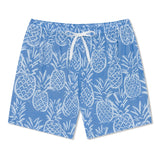 Men’s Classic Lined Swim Truck 5.5’’ Chubbies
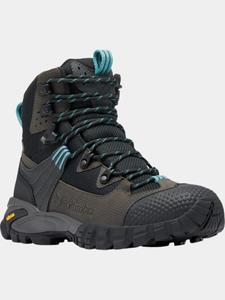 COLUMBIA Ботинки для походов Navigator Trek Outdry женские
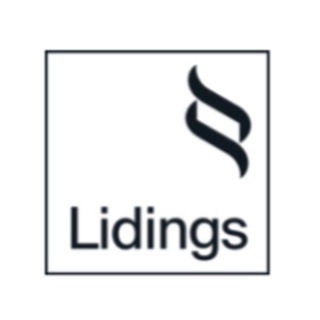 Логотип канала lidingslawfirm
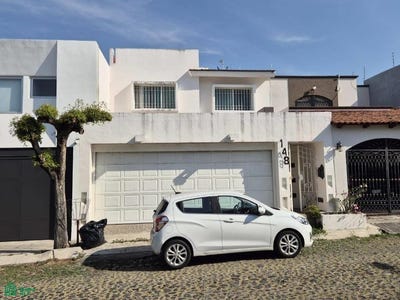 /international/mx/acerina-148-esmeralda-colima-colima-28017-colima-colima-310106166204/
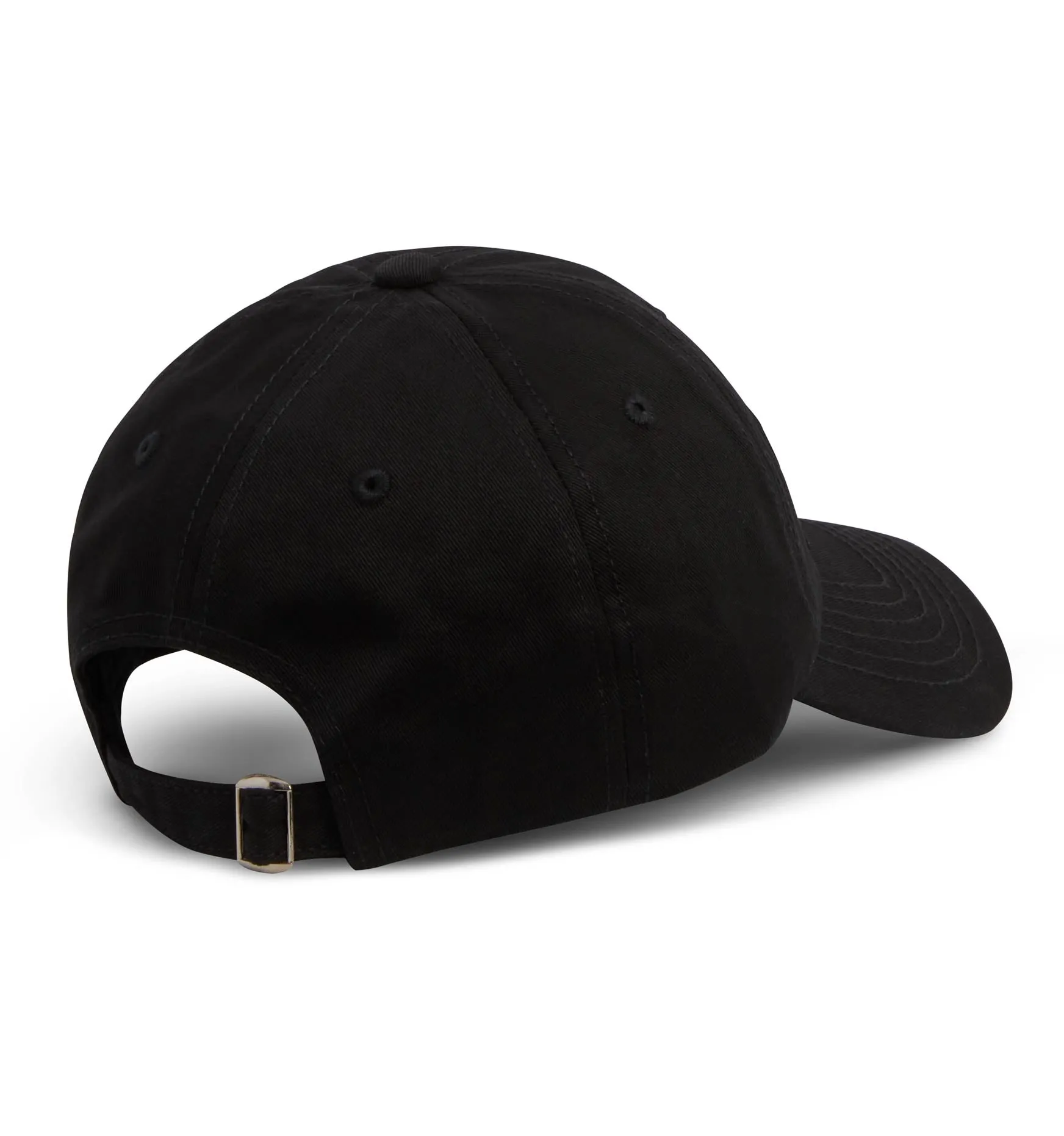 Baseball Hat - TomboyX 10th Anniversary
+ + + + +
- _What to work on_: The answer must consist of the line containing "Логотип канала lidingslawfirm" and every line after it through the end of the records, retyped exactly, with all pictures left out.

- _Solution to the exercise_:
 Логотип канала lidingslawfirm
 /international/mx/acerina-148-esmeralda-colima-colima-28017-colima-colima-310106166204/
 Baseball Hat - TomboyX 10th Anniversary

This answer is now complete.